La trattativa nel PD

Come procede il complicato negoziato tra maggioranza e minoranza per decidere come cambiare l'Italicum (e come fidarsi gli uni degli altri)

(ANSA/ANGELO CARCONI)
(ANSA/ANGELO CARCONI)

Da due settimane è in corso dentro il Partito Democratico (PD) un’importante trattativa su come modificare la legge elettorale, cioè quella che stabilisce in che modo trasformare i voti espressi dagli elettori in seggi parlamentari. Una parte della minoranza del partito, guidata dal deputato Gianni Cuperlo, chiede che l’Italicum – la legge attualmente in vigore, ma solo per la Camera – sia cambiata in senso più rappresentativo e proporzionale, diminuendo il numero di parlamentari eletti con le liste bloccate e l’entità del premio di maggioranza. La maggioranza, e il segretario Matteo Renzi, si dicono da tempo disponibili a cambiare la legge, ma non hanno ancora detto quali sono per loro i punti irrinunciabili.

Dall’esito della trattativa dipende se il PD arriverà più unito di così al referendum costituzionale del 4 dicembre, oppure se una parte più o meno consistente della minoranza voterà No. Da mesi, infatti, la minoranza del partito chiede che l’Italicum venga modificato e minaccia di votare No al referendum in caso contrario. La preoccupazione di molti di loro sembra essere il famoso “combinato disposto“, cioè il fatto che in caso di approvazione della riforma costituzionale, l’Italicum permetterebbe a una forza politica con un consenso relativamente basso di ottenere la maggioranza assoluta nell’unica camera che dà la fiducia al governo (nello scontro attuale, comunque, sono anche presenti ragioni di tattica politica e reciproche antipatie personali).

La conseguenza di un eventuale fallimento della trattativa non sembra essere il rischio di una scissione del partito (i leader della minoranza hanno già detto che resteranno nel PD in ogni caso). Piuttosto, il pericolo è che all’interno del PD si apra una nuova e ancor più profonda lacerazione che, come in altri casi passati, causi un ulteriore calo di consensi; senza contare che renderebbe più lontana la vittoria del Sì al referendum e quindi metterebbe in pericolo la sopravvivenza del governo e la carriera del suo presidente Matteo Renzi.

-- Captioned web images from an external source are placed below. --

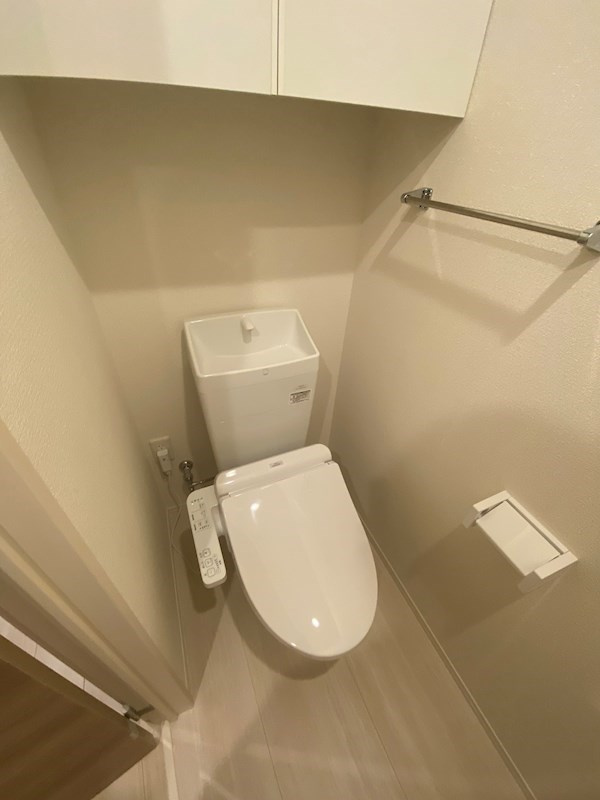フェーブ島上のトイレ|ゆったりとした空間のトイレです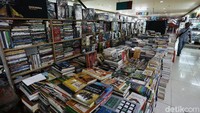 Diketahui, pandemi COVID-19 berdampak pada perekonomian para pedagang buku di kawasan tersebut.
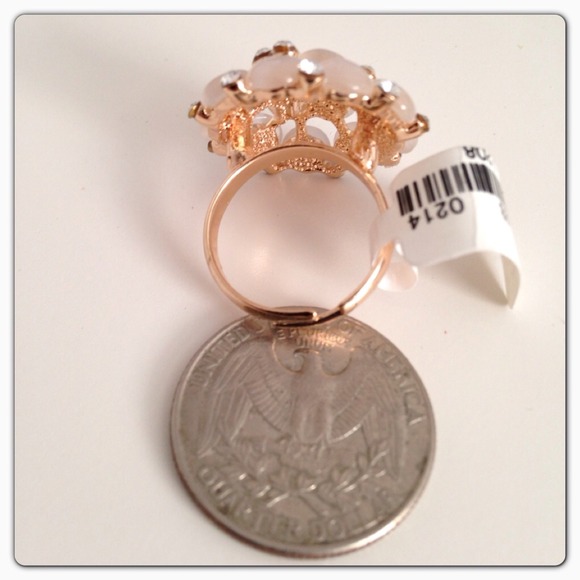 Ring - Picture 3 of 4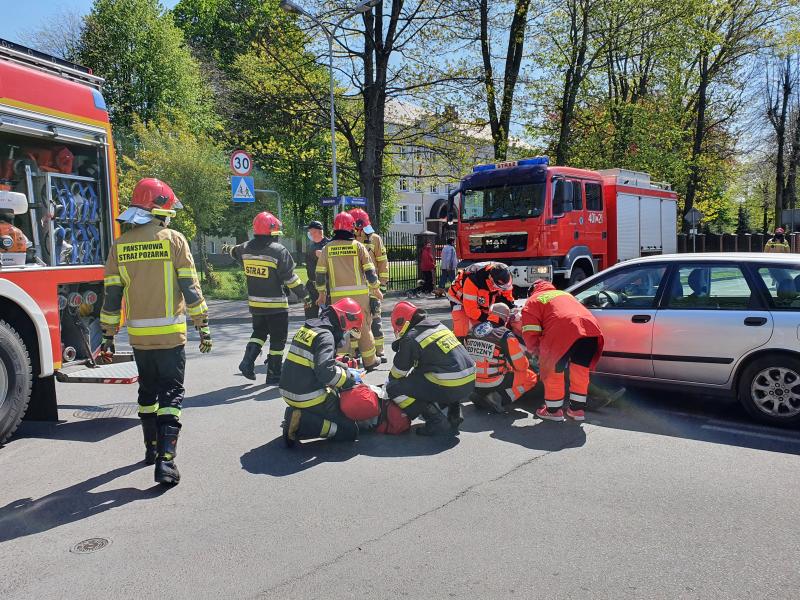 Potrącenie rowerzysty w Białogardzie - 83 latek trafił do szpitala. 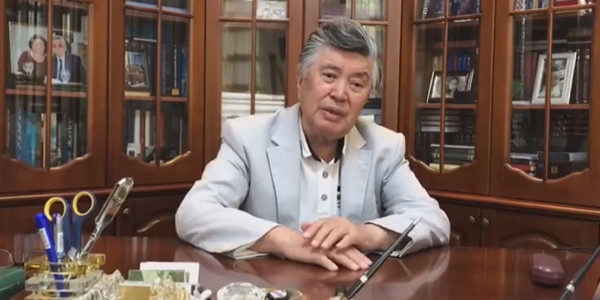 Мемлекет және қоғам қайраткерлері Тұңғыш Президентке жылы лебіздерін білдіріп жатыр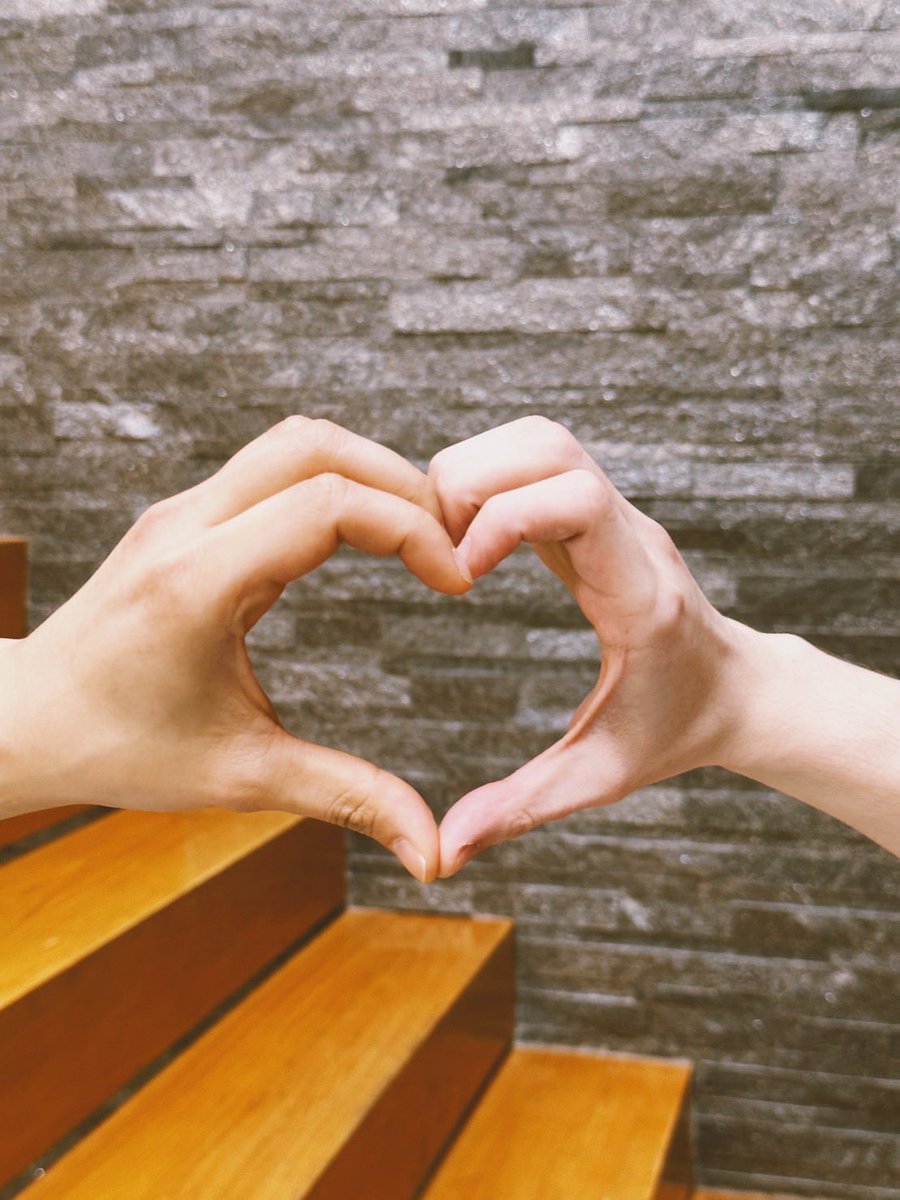 DomundiTV's tweet photo. LIVE WITH DMD GEN3 (DAY1 ROUND 2)  

มือใครกันน้าาา🫶🏻แขกรับเชิญรุ่นพี่ ถ้าอยากรู้ว่าใคร อย่าลืมติดตามกันนะคะ🧐🥰

#ส่องเด็กใหม่ดมดgen3 https://t.co/Wjg0jkm1op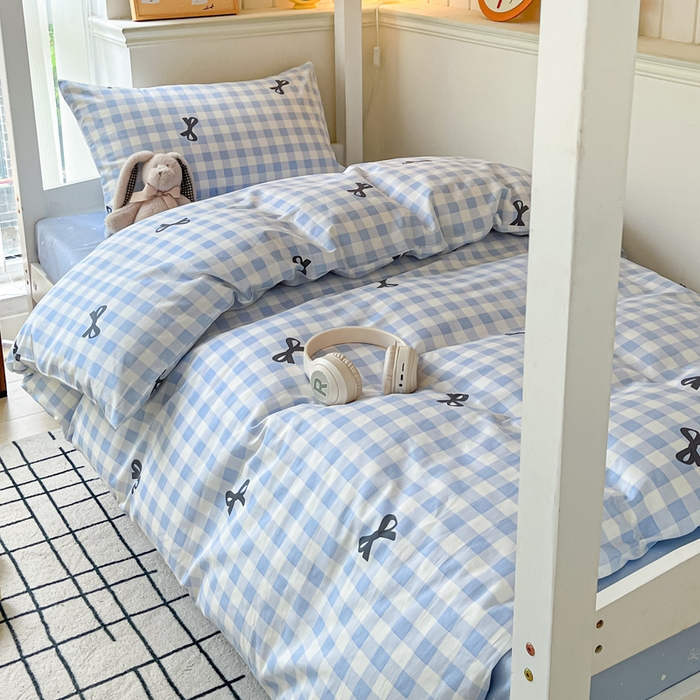91家纺网 家纺一手货源 找家纺 雅居纺家纺 2025新款全棉纯棉印花系列学生宿舍三四件套上下铺三件套 蓝格子蝴蝶结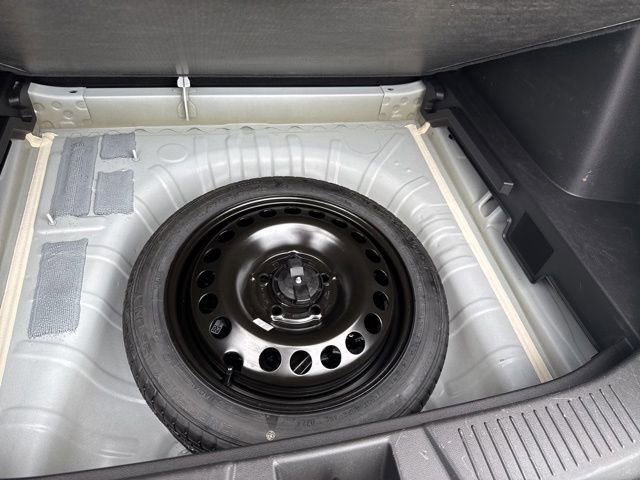 Used 2025 Chevrolet Trax LT FWD image 12
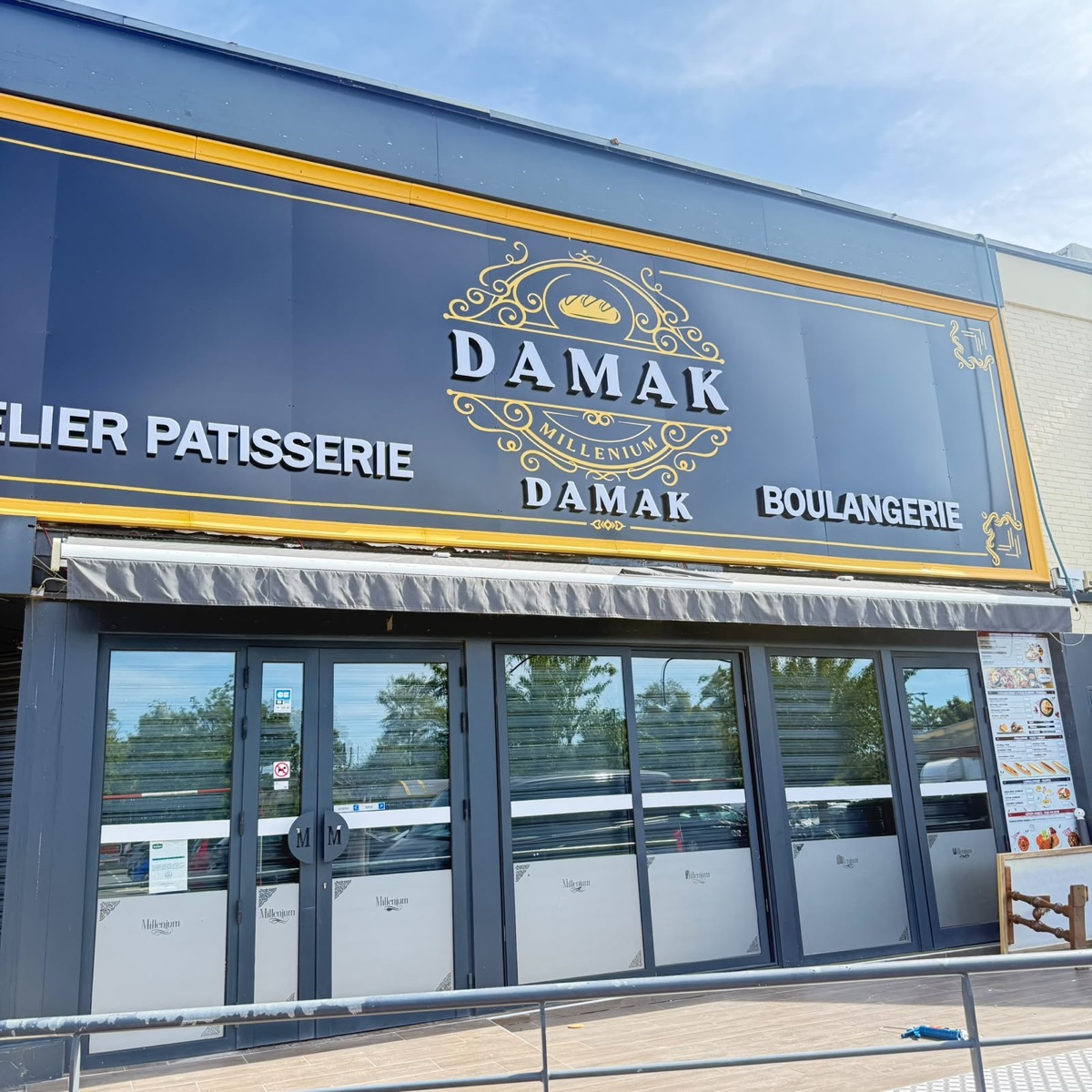 Façade pâtisserie – Damak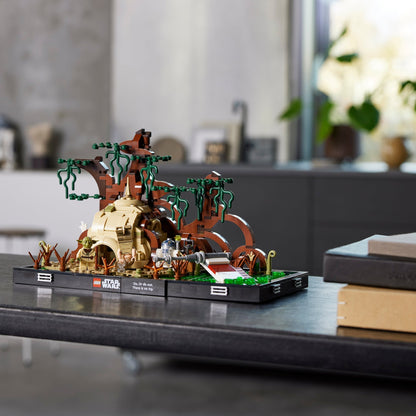 LEGO® Star Wars™ Dagobah™ Jedi™ Training Diorama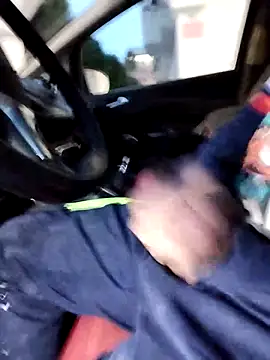 Snapshot of juandi21cm chatting on March 4, 6:26 am juandi21cm online show from March 4, 6:26 am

Dalla scorsa estate – e in particolare dopo la sconfitta alle elezioni amministrative di giugno – la maggioranza del PD e lo stesso Renzi hanno aperto alla possibilità di modificare la legge elettorale, ma fino alla direzione nazionale dello scorso 10 ottobre (quando Renzi ha proposto di iniziare la trattativa in corso in questi giorni) non c’erano stati passi concreti. Una parte della minoranza, e in particolare gli esponenti del partito vicini all’ex segretario Pierluigi Bersani, hanno criticato molto questa lunga attesa, al punto che negli scorsi giorni in diversi hanno detto che è oramai troppo tardi e che, qualunque sia l’esito della trattativa, voteranno No al referendum. Martedì sera, ospite della trasmissione tv Otto e mezzo, lo stesso Bersani è stato più disponibile, anche se è rimasto molto critico della lentezza con cui la maggioranza ha concretamente aperto alle modifiche.

Nella pratica, la trattativa si sta svolgendo all’interno di una commissione che si è riunita per la prima volta lo scorso 20 ottobre. Della commissione fanno parte il presidente del PD Matteo Orfini, il vicesegretario Lorenzo Guerini, i capigruppo di Camera e Senato Ettore Rosato e Luigi Zanda, e Gianni Cuperlo, come rappresentante della minoranza del partito. La commissione dovrebbe riunirsi per una seconda volta nei prossimi giorni.

Bersani ha detto che il successo della commissione dipenderà dalla possibilità di trovare un accordo sui punti tecnici della legge (maggiore rappresentatività e proporzionalità) ma anche dal tipo di impegno per modificare l’Italicum che la maggioranza sarà disposta a prendere. Il referendum, infatti, è troppo vicino per riuscire ad approvare una nuova legge elettorale prima del 4 dicembre, e sembra altrettanto difficile riuscire a presentare un testo in Parlamento e iniziarne la discussione. La strada per ricucire la situazione nel PD, quindi, è molto stretta. La commissione dovrà raggiungere rapidamente un accordo sui punti tecnici, ottenere un qualche tipo di assenso sulla bozza da parte di altre forze parlamentari (il PD da solo non ha i numeri per modificare l’Italicum al Senato) e impegnarsi a portare avanti le modifiche proposte in maniera sufficientemente chiara da soddisfare le richieste della minoranza, che teme che una promessa troppo vaga potrebbe essere tradita dopo il referendum.